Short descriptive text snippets
__________________________________________________

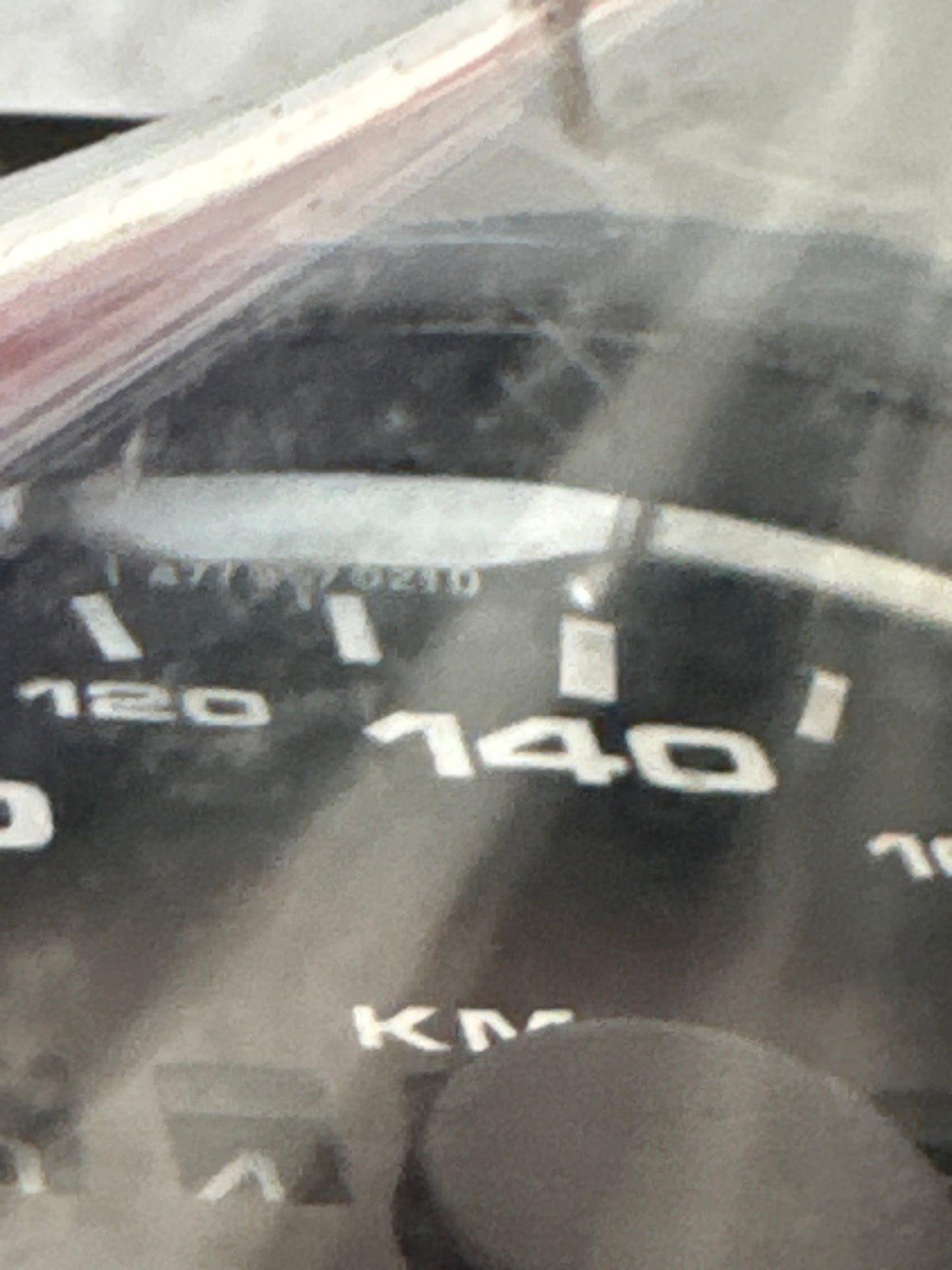 Porsche 924 Speedo Meter, used 477957021D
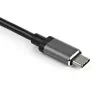 StarTech.com USB C daugiafunkcis vaizdo adapteris - 4K 60Hz USB-C į HDMI 2.0 arba Mini DisplayPort 1.2 monitoriaus adapteris - USB Type-C 2-in-1 ekrano keitiklis HDMI/MDP HBR2 HDR - suderinamas su TB3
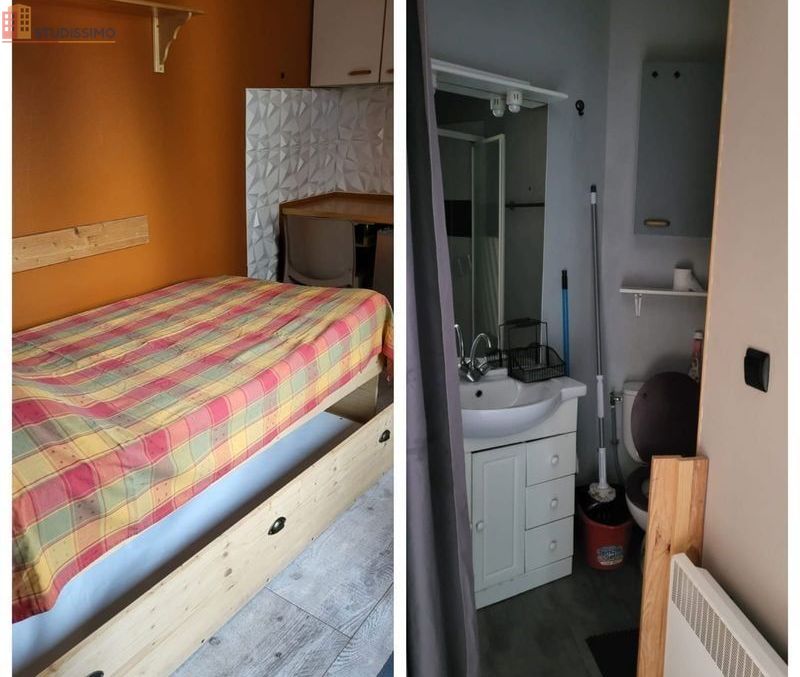 Studio 11m² Roanne - Proche gare - Photo 1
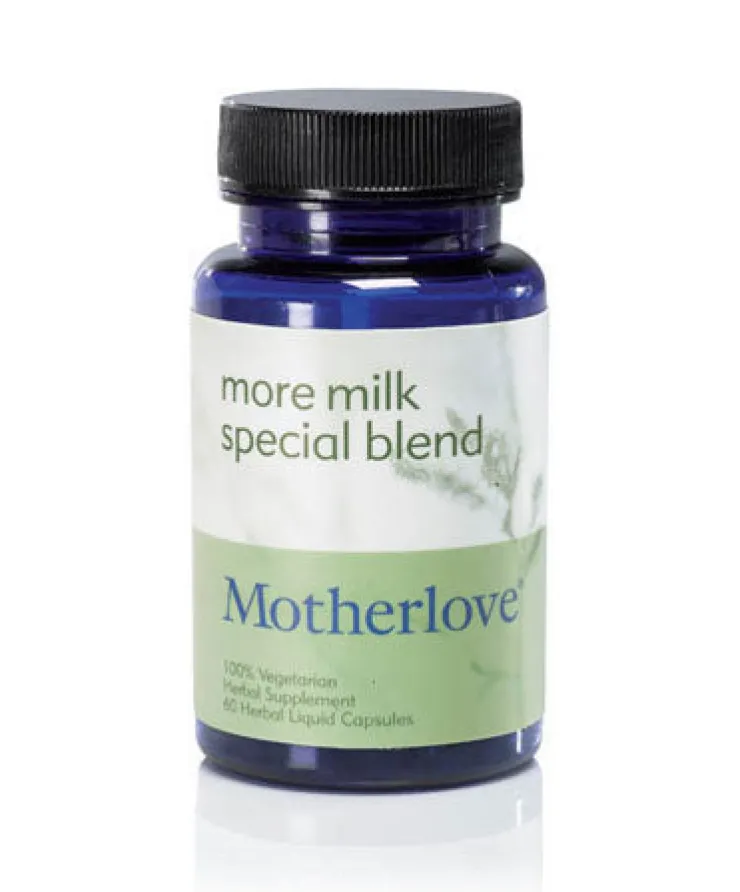 Motherlove Nursing Supplements>More Milk Special Blend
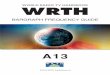 WRTH Bargraph Frequency Guide A13
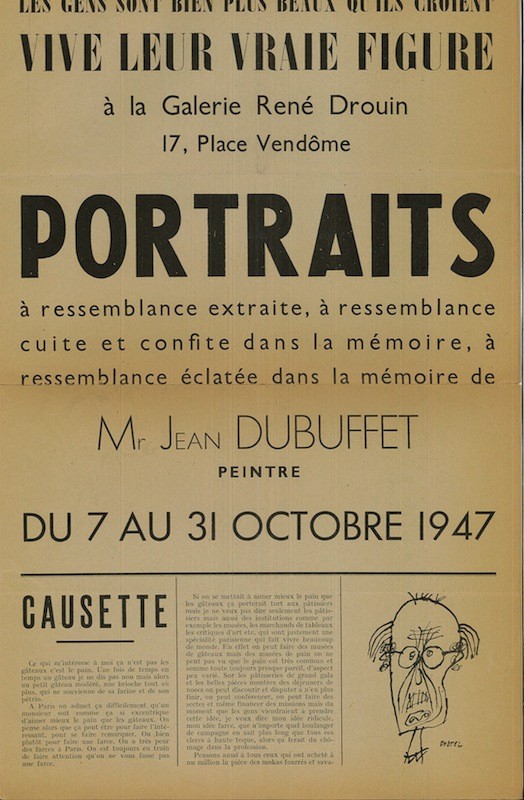 (Jean DUBUFFET)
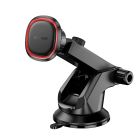 Автотримач для телефона BOROFONE BH125 Roman magnetic car holder (center console) Black and Red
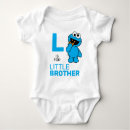 Search for little brother baby clothes Sesame street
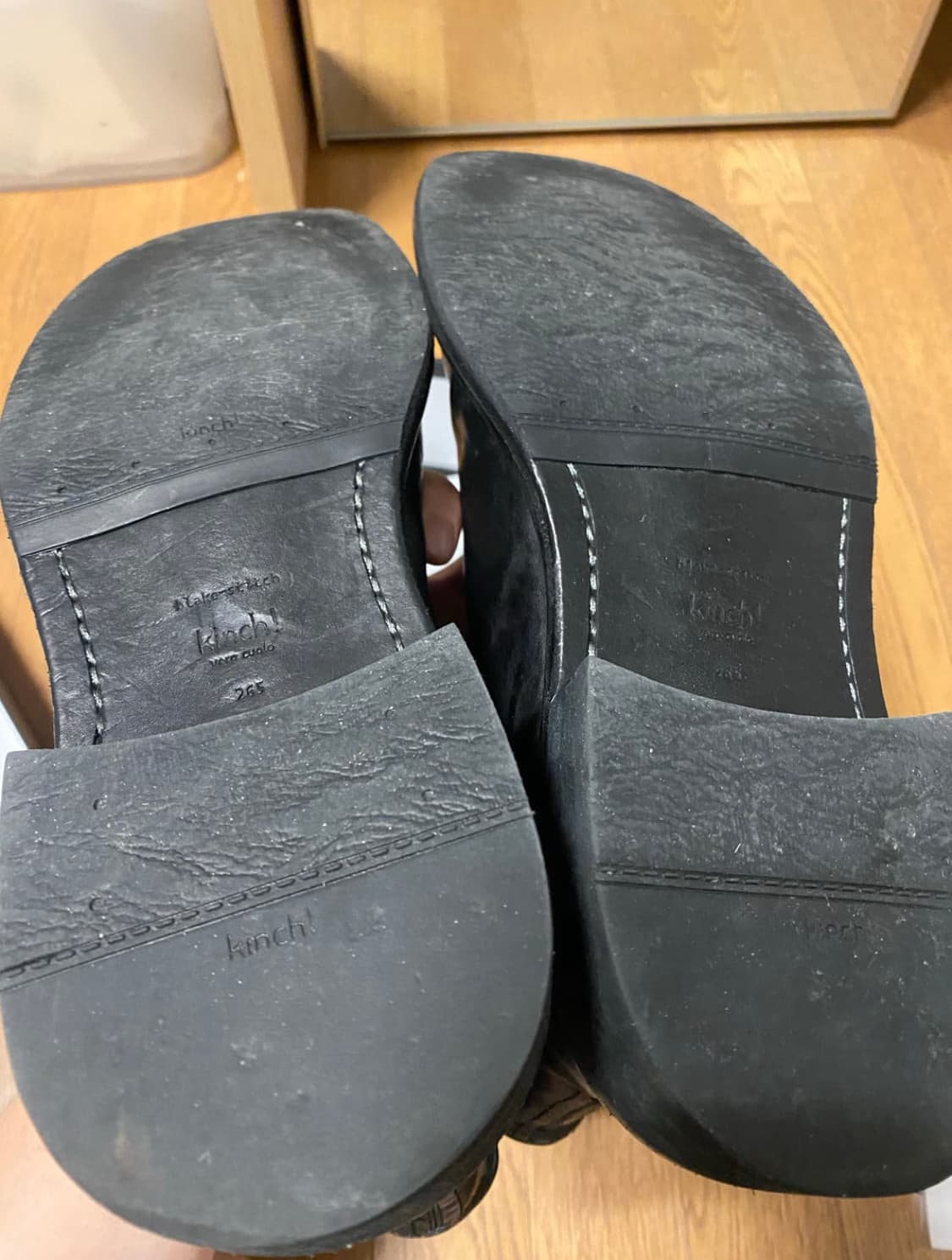 킨치 unsleek부츠 265 상품이미지2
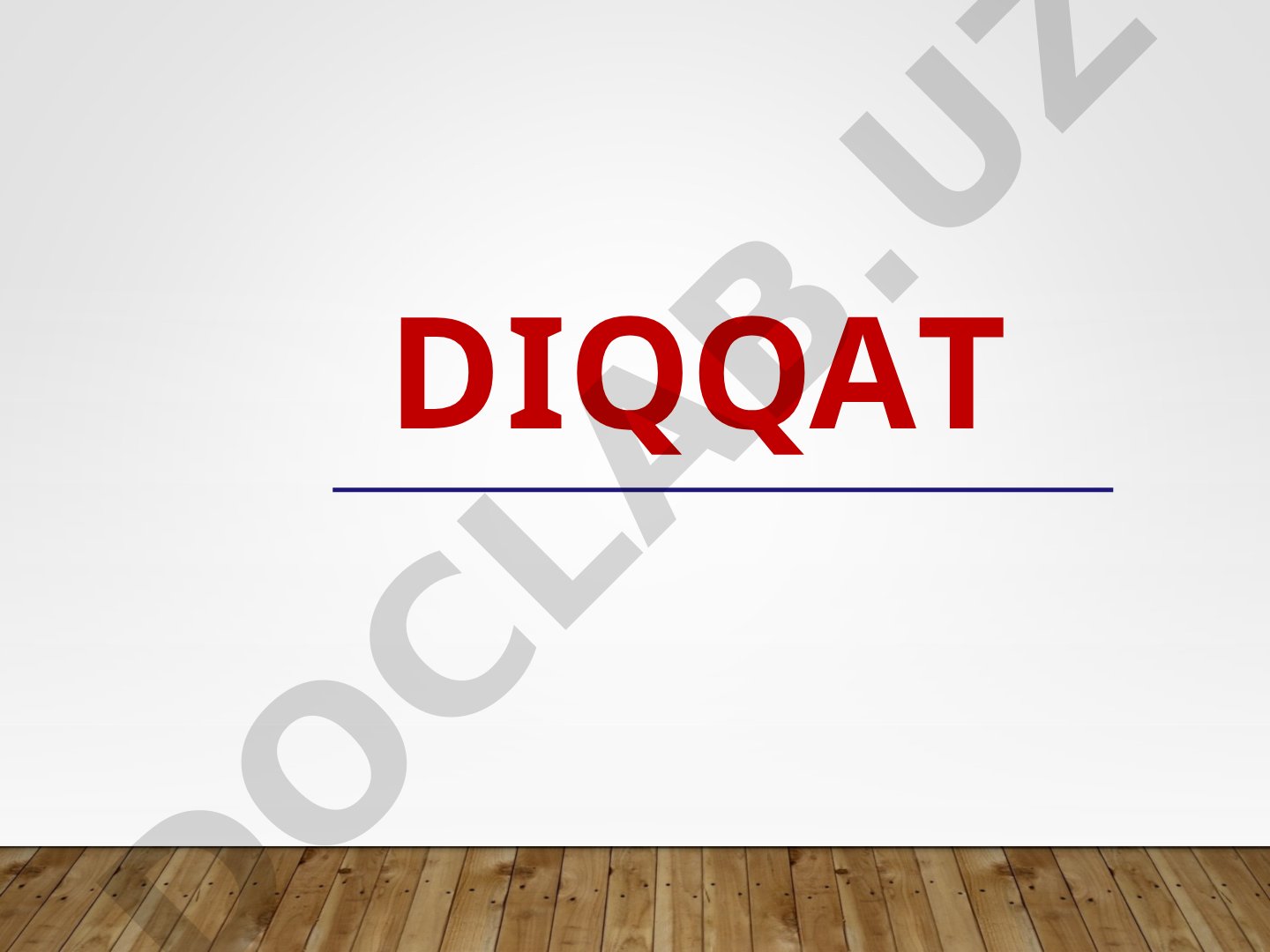 Diqqat haqida tushuncha va uning psixologik asoslari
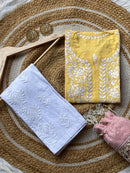 Anaya Heavy Work Modal Pure Cotton Kurta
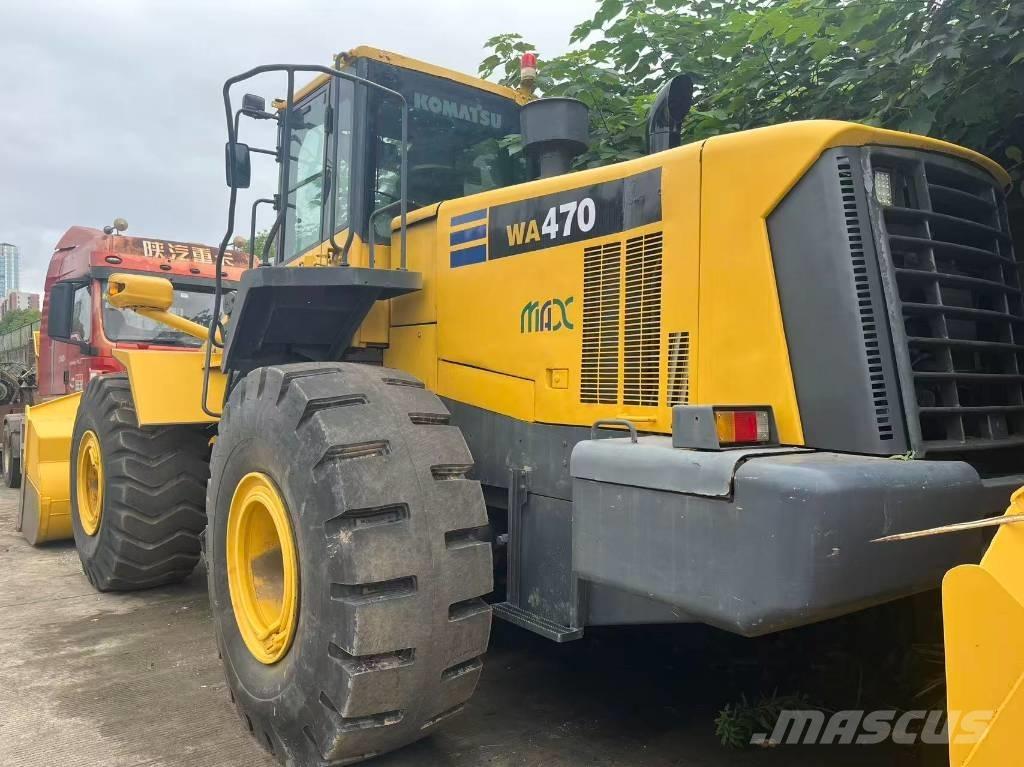 Komatsu WA 470-6 Kolesni nakladalci
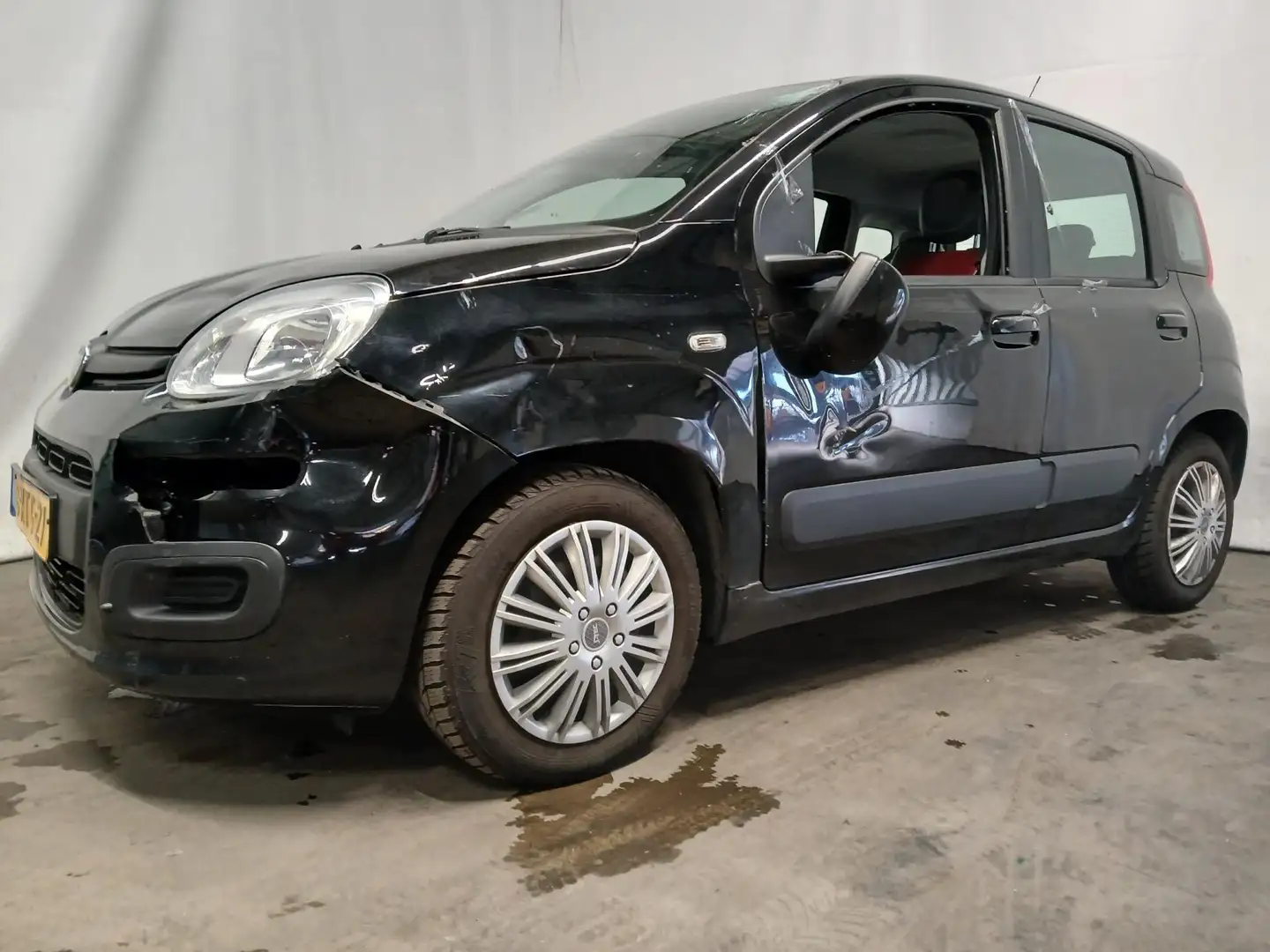 Fiat Panda 0.9 TwinAir Edizione Cool - Airco - Schade Zwart - 2
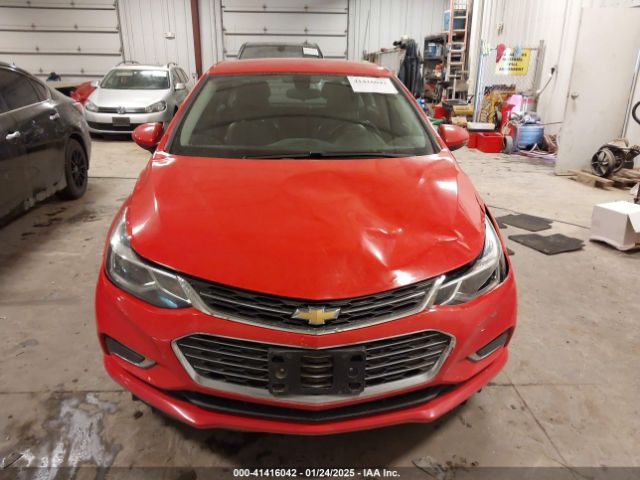 1G1BF5SM1H7193002 Chevrolet Cruze Premier Auto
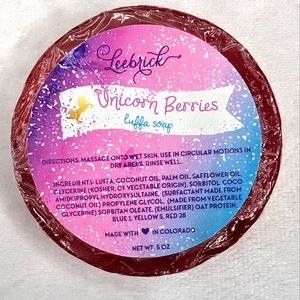 Unicorn Berries Luffa Soap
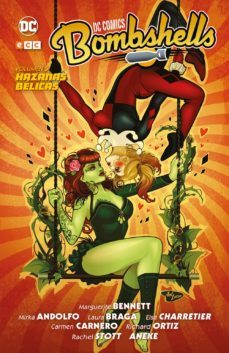 dc comics bombshells vol. 05: hazañas belicas-marguerite bennett-9788417960278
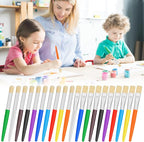 20 Pcs Kids Paint Brushes - Image 6
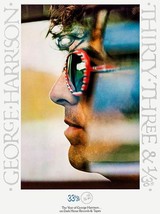 George Harrison - 33 1/3 - 1976 - Album Release Poster - $32.99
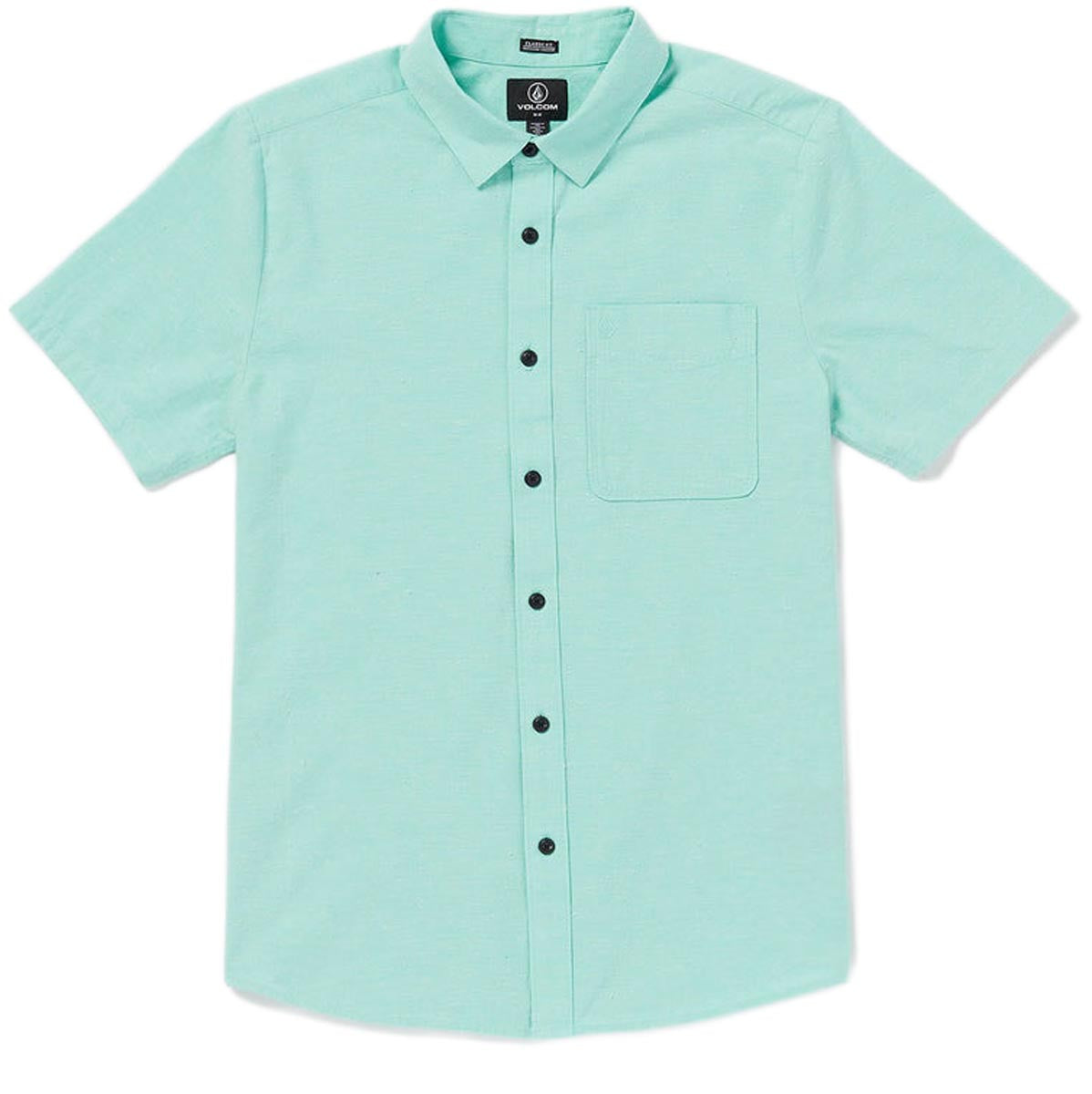 Volcom Date Knight Shirt - Crete Blue image 1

__________________________________________________

→ **TASK STATEMENT**
Reproduce the records above exactly, but only from the line with "WRTH Bargraph Frequency Guide A13" up to and including the line with "Diqqat haqida tushuncha". Leave the pictures out.

→ **OUTPUT BELOW**
 WRTH Bargraph Frequency Guide A13
 (Jean DUBUFFET)
 Автотримач для телефона BOROFONE BH125 Roman magnetic car holder (center console) Black and Red
 Search for little brother baby clothes Sesame street
 킨치 unsleek부츠 265 상품이미지2
 Diqqat haqida tushuncha va uning psixologik asoslari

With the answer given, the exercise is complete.